Monday, 17 March 2014

The Lost Art Of Window Gazing

Play School was a British children's television series produced by the BBC which ran from 21 April 1964 until 11 March 1988. The opening sequence for Play School during its run, the first being "Here's a house, here's a door. Windows: 1 2 3 4, ready to knock? Turn the lock - It's Play School." Many older window cleaners will remember the long running series & featured in the story below by John Holton.
http://www.bendigoadvertiser.com.au/story/2155056/between-here-home-the-lost-art-of-window-gazing/?cs=12
Between Here & Home: The lost art of window gazing (By John Holton) - I stumbled across my old school reports in the filing cabinet the other day, including one from my Year 8 science teacher, who wrote, “…if John spent as much time attending to his work as he does staring out of the window, he could achieve anything”.  Sorry Mr Campbell. It wasn’t your fault. My gaze has always been drawn to the hole in the wall. I was the kid mesmerised by the arched window on Play School.

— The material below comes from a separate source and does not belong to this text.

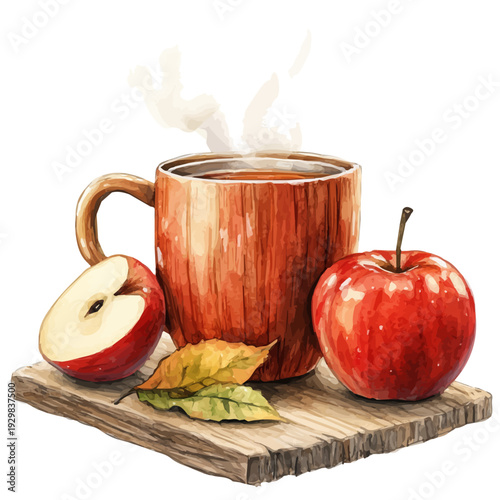 watercolor of Apple Cider Mug Steam, isolated on a white background.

There’s still nothing quite like sitting in the window of my favourite café, sipping tea as life goes on around me; travelling by train with my nose pressed against the glass, the world blurring; wandering the streets of any town at night; the glow emanating from windows; lives playing out behind glass. It’s hard to believe, amid our cities of steel and glass, that window glazing has only been the norm, for the working classes, since the mid-19th century.

Though in 1696 there were enough glazed windows in British homes for William III to introduce a window tax. It made staring out at the world an expensive business and caused some householders to brick up their windows. It seems the aristocracy have always found ways to feather their nests from the necessities of life – air, water… a view. I’m guessing the king’s vista remained unimpeded.

Staring out the window, as Mr Campbell demonstrated, often gets bad press. But some of the world’s most important ideas wouldn’t have happened without some serious window gazing. Literary critic Burton Roscoe said, “Few can ever understand that a writer is working when he’s staring out the window.”

Poet Billy Collins put it more lyrically: The birds are in their trees – the toast is in the toaster – and the poets are at their windows… The clerks are at their desks – the miners are down in their mines – and the poets are looking out their windows… Of course, he’s not just poeticising about poets, but anyone who creates.

Architects, engineers, designers, even scientists, are among history’s most revered window gazers. Indeed, Einstein described his Theory of Relativity with the image of a traveller staring from the window of a moving train.

I was at the launch of Bendigo’s stunning art gallery redevelopment on Saturday, and while all the new spaces are beautifully conceived, the Frances & Harold Abbott Foundation Gallery in particular captured my imagination. It has a spectacular, high corner window that looks upon a stone wall and the trees of Rosalind Park; there are glimpses of Peter (the rabbit sculpture) and, if you look at the right angle, eerie reflections of passers-by. It shares its space with the work of Del Kathryn Barton and Patricia Piccinini, but that window is a work of art without peer.

It’s a perfect view of our changing city. I know I’ll stare from it often.